Rav Yitzchak Kirzner zt”l explained that mortal man is composed of two diverse components – chomer (physical, tangible corporeal body) and tzurah (intangible life-force, spiritual, personality).
The ultimate goal of man is to raise himself to such a level wherein his chomer is subservient to his tzurah, in that his entire being (including his physical self) is subject completely to the Will of G-d. Such a person’s behavior is dictated by his logic, and he does not allow himself to be blindly drawn after his emotions and desires.
At the time of the destruction of the Bais HaMikdash, G-d wrought retribution against Klal Yisroel, not only because the nation abused its essence on a physical level and defiled its chomer, but also because as a result of their iniquities their tzurah became sullied and spiritually debased. Not only did they use their physical bodies to sin, they contemplated ways to sin, using their cognitive abilities to think of ways to sin. Thus, the nation sinned on a dual level, and their double punishment reflected that duality. The ultimate consolation must therefore be doubled, in order to console us on a physical and spiritual level – to console both body and spirit.
With this idea in mind perhaps we can understand why every aspect of Shabbos is doubled. The holiness of Shabbos does not only envelope our tzurah, our spirit and souls, it also affords us the opportunity to elevate and sanctify our chomer – the physicality within ourselves and the world. On Shabbos, we laud G-d for the gift of being able to “Eat rich foods, drink sweet drinks, for G-d will give to all who cling to Him, clothes to wear and bread of allotment, meat and fish and all delicacies.”

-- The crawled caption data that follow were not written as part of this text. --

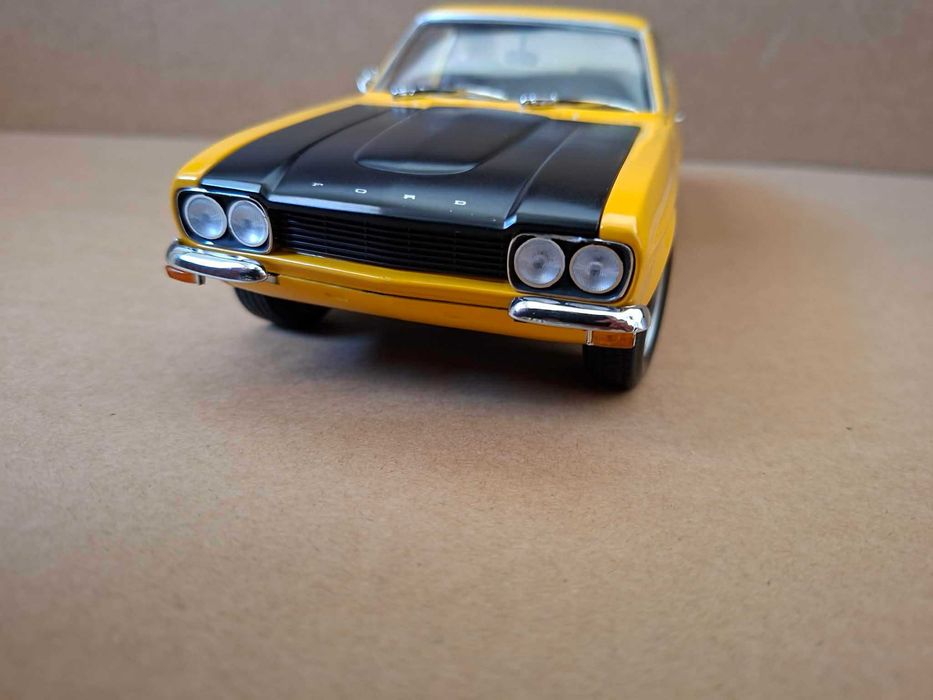 Ford Capri 2600 RS 1:18 Minichamps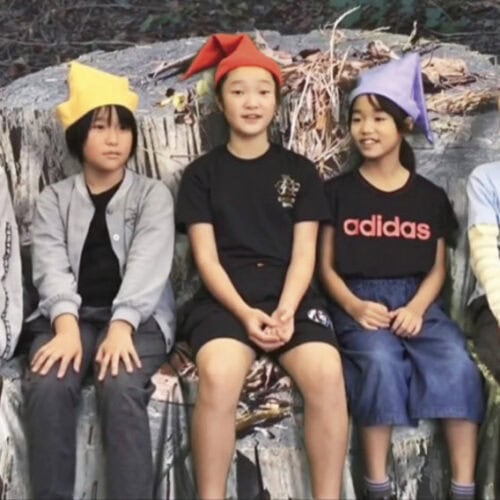 自ら脚本を書き、撮影・編集・衣装まで役割を分担し、森の大切さをテーマにした映画をつくり上げた。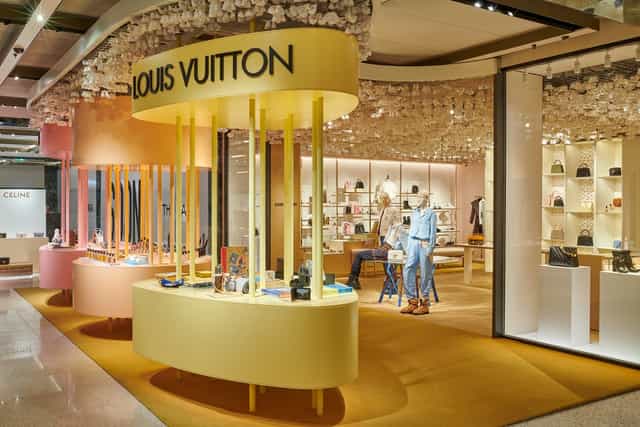 Modular retail activation at Globus: immersive branded architecture for luxury pop-up event.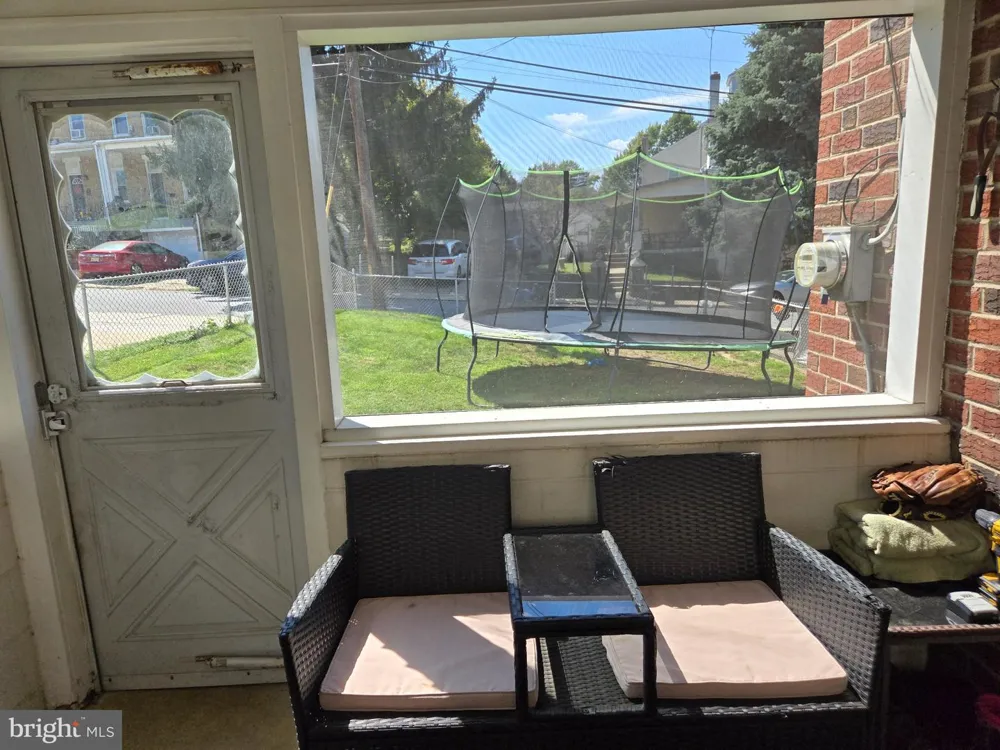 12 E WYNCLIFFE AVENUE Clifton Heights, PA 19018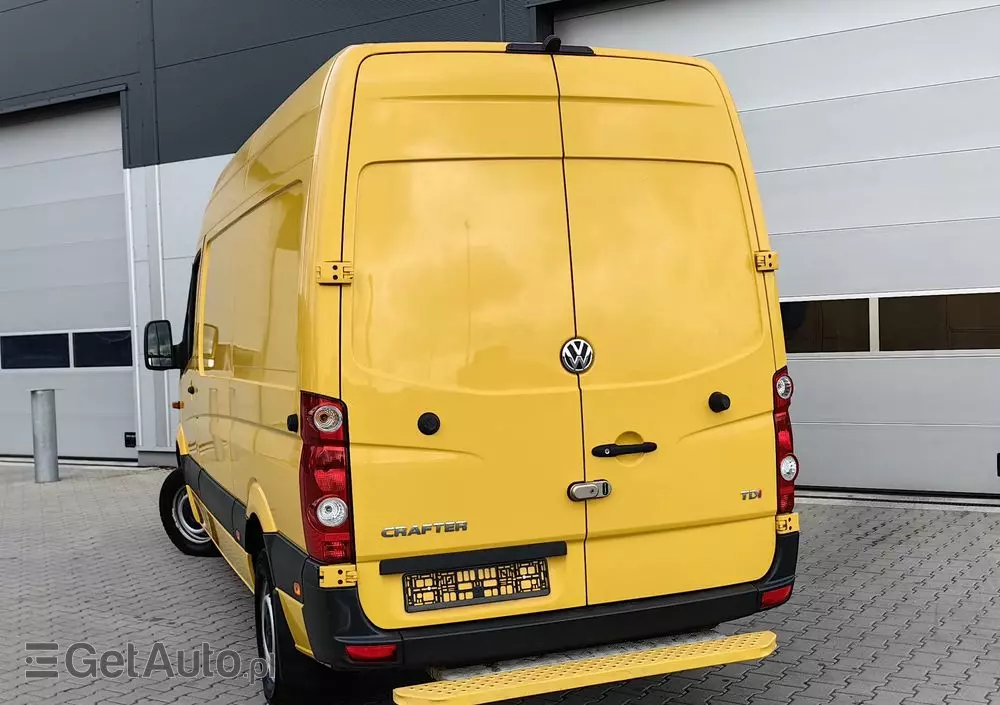 VOLKSWAGEN Crafter 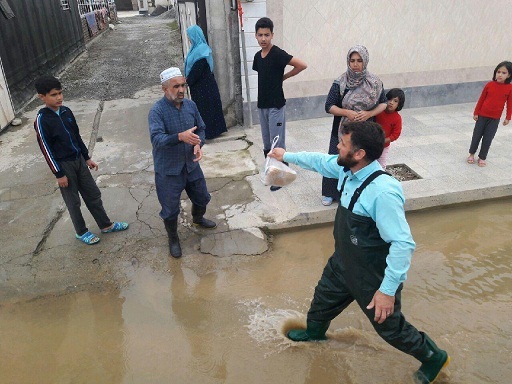 کمک های مردمی ناحیه مقاومت بسیج شهید محلاتی به سیل زدگان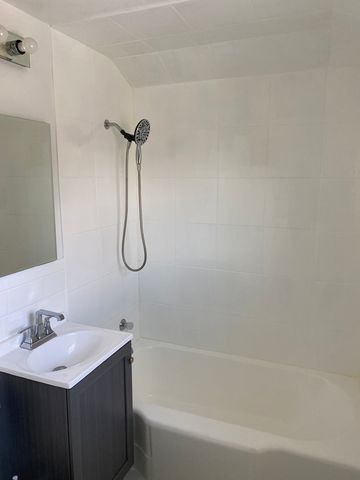 9822 Richard Avenue, Franklin Park, IL 60131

The Gemara (Beitzah 16a ) relates that on Shabbos we are granted a supplementary soul. Rashi offers a most intriguing explanation of its effects. He explains that the special soul grants us “a broadened heart for rest and joy, and to be open wide to be able to eat and drink without his soul becoming repulsed by it.” Normally when one partakes of a particularly filling and fatty meal he feels somewhat animalistic. But on Shabbos one can indulge more than usual and not worry about that animalistic feeling, because his added soul compensates by injecting him with an added dose of spirituality.
With this idea in mind we can also understand why in our Shabbos prayers there is much mention of the ultimate redemption and our eventual return to rebuilt Jerusalem and the rebuilt Bais HaMikdash. Our descent into exile was inextricably bound to our defilement of our chomer and tzura, both are bodies and our souls. The double consolation, which must include both body and spirit, is reflected and symbolized by Shabbos, the day of physical and spiritual bliss.
Shabbos is a window into the euphoric Messianic world when this world will be completely devoted to G-d, on all levels. When we observe Shabbos, we raise ourselves beyond the trivialities and sufferings of exile and focus on a world devoid of physical pain and spiritual sin. It is for that reason that the laws of the Three Weeks of mourning for the destruction of the Bais HaMikdash are suspended on Shabbos. We sing songs joyously during those Shabbasos, and even if Tisha B’av itself coincides on Shabbos we eat meat and drink wine during that Shabbos.
The exile represents the tragedy of the wandering collective Jewish body and soul, and on Shabbos wherever a Jew is he is at home in the palace of the King.
The Karliner prayed that he not only merit experiencing the physical delights of Shabbos, but also the spiritual bliss of Shabbos. At times, one can observe all the laws of Shabbos properly yet not feel the idyllic sense of elevation that Shabbos provides. One must pray that he merits that greatness, as we state in the Mussaf prayers of Shabbos, “Those who taste it merit life, and those who love its precepts have chosen greatness.”